Version: 3.3.1 (using KDE KDE 3.3.1) Installed from: Debian testing/unstable Packages OS: Linux For example, I just had to reload five times to get this page. I kept getting "Unknown host bugs.kde.org". On the fifth reload it worked fine. It seems to happen in bursts. Once it starts happening it happens for a whole bunch of images on a page or for a page repeatedly every time i reload, until the problem subsides for a while. I suspect the problem is related to how konqueror spams the name servers with a whole ton of queries for every image on the page. It doesn't cache results even for a single page rendering. I suspect the name server is rate-limiting responses to a single requestor either because of a bug in bind or as a defense against DDOS. But I'm having trouble debugging this. I attached to konqueror with gdb and set breakpoints on gethostbyname and getaddrinfo expecting to be able to catch the failure to see what happened. But the breakpoint never triggered. How is konqueror managing to use the resolver without calling any resolver functions?
Having a similar problem even for pages with not so many images (e.g. www.google.de). Trying the same page with Firefox retrieves the page w/o any problemevery time, doing a "host" or "nslookup" gives no errors at all, trying the same with konqueror gives me a "An error occurred while loading http://www.google.com/: Unknown host www.google.de" about every 2-4 times. Same machine, same user, same time, same everything. This is with 3.3.2 Level "a" from the SuSE RPM's.
I can't reproduce.
Please reopen if you can reproduce with KDE 3.4 beta 2.

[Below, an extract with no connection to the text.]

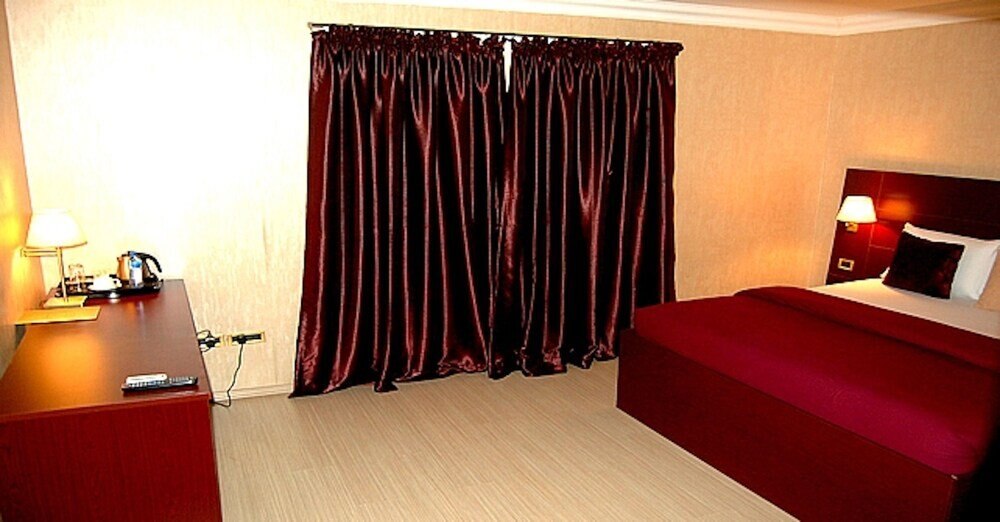 Chesney Hotel Room Type - Platinum Suite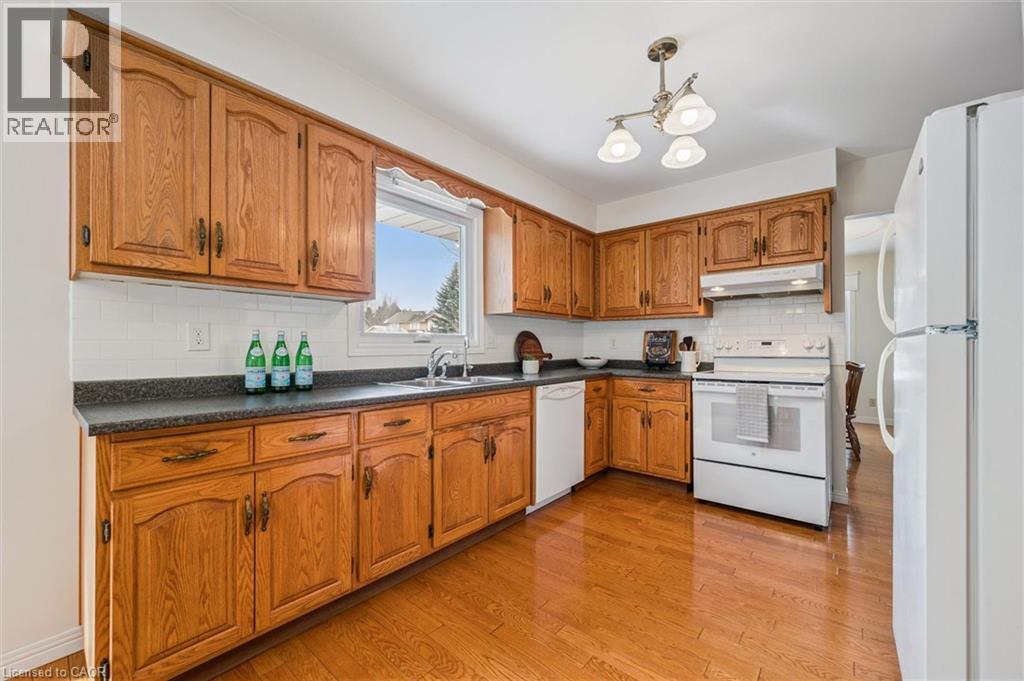 556 Stanwood Crescent, Waterloo, Ontario  N2K 3P3 - Photo 14 - 40804253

*** Bug 99254 has been marked as a duplicate of this bug. ***
I see the same thing both in KDE 3.3.2 and KDE 3.4. It especially happens when a page reloads itself (we have a network monitoring system, which refreshes the page every 30 seconds). If you create a page which reloads itself every 30 seconds you should see the error after a while. It seems random how quickly the bug shows up, but it usually happens a couple of times a day.
Is it possible to tell me what the DNS traffic was at the time the page failed to reload? I think the problem is in your DNS server and/or Internet connection.
I can set something up, but I won't have time for it until next week. Also it can take more than an hour for the problem to arise. I can gather the data, but I can't see any way to correlate the data with the time where the browser fails? Any ideas? By the way, I know that there is no AAAA record for the domain (I have read some reports where the cause was missing IPv6 network. This isn't the case here). However, normaly when I encounter it, it happens with an internal DNS-server on the LAN, which isn't loaded. When it happens, I can press reload, and the page appears, so it doesn't seem to be in periods like the original poster (I missed that when I wrote the first time). The problem started around version 3.3 (i think), and we have seen it on two different Gentoo installations, installed through emerge, and one Debian Woody installation, created with konstruct. It happens for different pages, but having a page which refreshes every 30 seconds seems to make it happen more often. A page like the one it usually happens on can be seen here: http://www.emdrupborg.dk/sysorb/index.cgi?path=1.1&tld=Connectivity&username=viewer&passwd=viewer&server=localhost:3241 But it also happens for other pages, even some without images.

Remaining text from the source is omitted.